Role of miRNAs in intracranial germinomas: towards disease diagnosis and better understanding?

MicroRNAs (miRNAs) are a class of small, noncoding RNA molecules typically 22 nucleotides in length [54]. They modulate protein expression through base pairing with a complementary sequence in the 3′-untranslated region of messenger RNA (mRNA) and are involved in the regulation of gene expression at a post-transcriptional level [55]. Established roles of miRNAs include the regulation of important processes including tumorigenesis [56,57,58]. In contrast to mRNA and proteins, they are inherently stable and remain conserved under most circumstances [59]. Circulating miRNAs in body fluids have been extensively explored as novel biomarkers for various diseases [60]. For instance, Murray et al show that certain miRNAs can be reliably detected in CSF as biomarkers for germ cell tumours [13]. Coincidently, his series included 2 IG patients that showed high expression of miR-373-3p in their CSF samples, which was also demonstrated in our study cohort. Next, Wang et al’s publication reports differentially expressed miRNAs between IGs and non-germinomatous germ cell tumours. In his study, miR-503 is one of the miRNAs with low expression in IG [23]. The downregulation of miR-503-5p is also observed in our study. Nonetheless, the remaining miRNAs, including miR-221-3p that was predicted to be a target of KIT, require deeper functional assessment and clinical validation.

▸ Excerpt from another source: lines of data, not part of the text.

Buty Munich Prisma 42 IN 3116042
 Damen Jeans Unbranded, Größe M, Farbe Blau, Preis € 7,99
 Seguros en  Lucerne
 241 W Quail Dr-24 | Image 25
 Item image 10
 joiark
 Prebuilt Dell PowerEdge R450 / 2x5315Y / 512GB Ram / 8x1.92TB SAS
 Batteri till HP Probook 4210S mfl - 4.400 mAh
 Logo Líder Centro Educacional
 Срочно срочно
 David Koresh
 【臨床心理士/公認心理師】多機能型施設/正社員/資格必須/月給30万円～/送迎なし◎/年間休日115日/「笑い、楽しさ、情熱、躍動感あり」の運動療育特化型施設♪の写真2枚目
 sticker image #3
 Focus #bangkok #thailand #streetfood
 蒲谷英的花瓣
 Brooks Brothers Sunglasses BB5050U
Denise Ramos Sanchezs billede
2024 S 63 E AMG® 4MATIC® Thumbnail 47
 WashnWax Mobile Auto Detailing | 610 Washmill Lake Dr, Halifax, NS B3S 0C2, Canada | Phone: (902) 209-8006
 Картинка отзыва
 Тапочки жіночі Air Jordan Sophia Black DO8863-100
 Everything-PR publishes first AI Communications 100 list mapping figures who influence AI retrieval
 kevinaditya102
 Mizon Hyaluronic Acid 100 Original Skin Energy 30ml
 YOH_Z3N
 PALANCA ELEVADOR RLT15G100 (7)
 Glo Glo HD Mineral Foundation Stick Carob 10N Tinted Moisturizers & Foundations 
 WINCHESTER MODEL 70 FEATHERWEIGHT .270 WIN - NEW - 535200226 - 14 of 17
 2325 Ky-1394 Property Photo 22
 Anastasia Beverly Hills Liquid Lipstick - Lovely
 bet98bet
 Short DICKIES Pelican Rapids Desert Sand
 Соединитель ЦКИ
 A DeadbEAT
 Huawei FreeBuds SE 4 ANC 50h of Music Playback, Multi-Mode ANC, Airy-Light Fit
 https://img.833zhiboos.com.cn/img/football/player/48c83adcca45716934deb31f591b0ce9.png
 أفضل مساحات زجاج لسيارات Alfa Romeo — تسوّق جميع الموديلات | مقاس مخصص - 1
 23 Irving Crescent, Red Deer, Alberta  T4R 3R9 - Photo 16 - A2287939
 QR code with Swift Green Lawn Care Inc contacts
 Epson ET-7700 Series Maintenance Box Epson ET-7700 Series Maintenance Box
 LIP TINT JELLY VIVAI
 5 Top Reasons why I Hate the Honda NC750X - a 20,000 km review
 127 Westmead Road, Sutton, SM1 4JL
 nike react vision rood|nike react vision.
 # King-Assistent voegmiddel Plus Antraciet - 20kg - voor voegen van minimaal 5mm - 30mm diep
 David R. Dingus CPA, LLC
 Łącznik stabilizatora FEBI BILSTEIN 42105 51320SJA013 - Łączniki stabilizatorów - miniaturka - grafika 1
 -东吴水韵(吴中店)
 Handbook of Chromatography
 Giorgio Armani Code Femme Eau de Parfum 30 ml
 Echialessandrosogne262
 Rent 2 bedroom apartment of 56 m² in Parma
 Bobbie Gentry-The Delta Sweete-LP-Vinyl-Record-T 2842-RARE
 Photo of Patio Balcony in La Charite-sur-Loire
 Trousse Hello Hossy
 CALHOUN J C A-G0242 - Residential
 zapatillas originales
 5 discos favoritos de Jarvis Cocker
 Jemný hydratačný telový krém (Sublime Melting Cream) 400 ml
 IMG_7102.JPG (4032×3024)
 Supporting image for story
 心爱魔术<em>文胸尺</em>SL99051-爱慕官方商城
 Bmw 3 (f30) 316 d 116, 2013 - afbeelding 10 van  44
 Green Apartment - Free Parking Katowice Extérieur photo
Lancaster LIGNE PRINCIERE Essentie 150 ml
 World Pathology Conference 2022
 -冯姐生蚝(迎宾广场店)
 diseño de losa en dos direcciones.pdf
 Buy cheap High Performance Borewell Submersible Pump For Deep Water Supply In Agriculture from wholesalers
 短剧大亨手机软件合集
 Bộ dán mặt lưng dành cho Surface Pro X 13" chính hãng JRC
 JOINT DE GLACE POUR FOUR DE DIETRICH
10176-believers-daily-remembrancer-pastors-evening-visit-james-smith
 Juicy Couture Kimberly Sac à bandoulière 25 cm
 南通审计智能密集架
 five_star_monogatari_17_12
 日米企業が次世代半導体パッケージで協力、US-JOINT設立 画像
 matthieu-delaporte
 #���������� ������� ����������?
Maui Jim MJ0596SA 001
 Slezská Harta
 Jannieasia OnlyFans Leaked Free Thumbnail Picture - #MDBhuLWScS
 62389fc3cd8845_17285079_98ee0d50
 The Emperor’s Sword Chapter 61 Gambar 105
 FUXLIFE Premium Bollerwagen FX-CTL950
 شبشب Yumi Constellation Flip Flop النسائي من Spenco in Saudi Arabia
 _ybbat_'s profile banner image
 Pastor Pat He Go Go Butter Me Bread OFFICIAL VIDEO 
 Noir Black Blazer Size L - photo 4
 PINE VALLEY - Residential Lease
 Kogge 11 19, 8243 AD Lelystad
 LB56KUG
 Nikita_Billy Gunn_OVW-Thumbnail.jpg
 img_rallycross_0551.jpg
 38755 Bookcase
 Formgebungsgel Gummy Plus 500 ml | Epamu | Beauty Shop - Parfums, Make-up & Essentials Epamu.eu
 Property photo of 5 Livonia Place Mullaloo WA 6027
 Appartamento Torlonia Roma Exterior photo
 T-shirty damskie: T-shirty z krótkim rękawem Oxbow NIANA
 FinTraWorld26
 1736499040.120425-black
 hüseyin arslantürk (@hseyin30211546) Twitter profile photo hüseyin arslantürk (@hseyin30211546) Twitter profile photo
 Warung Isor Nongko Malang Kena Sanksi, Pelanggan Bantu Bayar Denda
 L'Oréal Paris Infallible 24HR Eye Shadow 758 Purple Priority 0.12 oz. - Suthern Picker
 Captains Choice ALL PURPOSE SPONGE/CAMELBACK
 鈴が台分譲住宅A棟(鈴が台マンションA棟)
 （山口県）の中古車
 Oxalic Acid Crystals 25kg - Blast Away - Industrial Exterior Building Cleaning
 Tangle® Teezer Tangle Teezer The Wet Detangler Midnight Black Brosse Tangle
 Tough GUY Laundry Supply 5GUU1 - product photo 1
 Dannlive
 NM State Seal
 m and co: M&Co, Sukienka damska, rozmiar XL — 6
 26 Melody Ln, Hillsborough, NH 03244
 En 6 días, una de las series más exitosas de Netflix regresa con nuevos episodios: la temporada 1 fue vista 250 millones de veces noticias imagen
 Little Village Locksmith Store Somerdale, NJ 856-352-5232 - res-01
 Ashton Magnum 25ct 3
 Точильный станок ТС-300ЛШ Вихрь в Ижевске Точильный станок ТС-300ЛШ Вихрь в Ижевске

The inherent properties of miRNAs deem them highly desirable for use as disease markers; hence, initiating the interest in the expression of profiles of miRNAs. MicroRNA profiling represents an important first-step in deducting individual RNA-based regulatory function in cells, tissues and circulation [61]. Nevertheless, there is no standardized clinical-grade platform for detection of circulating miRNAs. At present, real-time quantitative PCR remains as the most sensitive method for the quantification of the RNA species [62, 63]. Our project utilizes an innovative hemi-nested real-time quantitative PCR multiplex assay which is simple to design, shows excellent performance and provides design flexibility of any miRNA [64]. As our study is exploratory at this point, the use of a such a corroborative platform offers advantages of high throughput, sensitive and accurate examination of small CSF sample volumes. Such endeavours are particularly important in a limited patient cohort, like ours.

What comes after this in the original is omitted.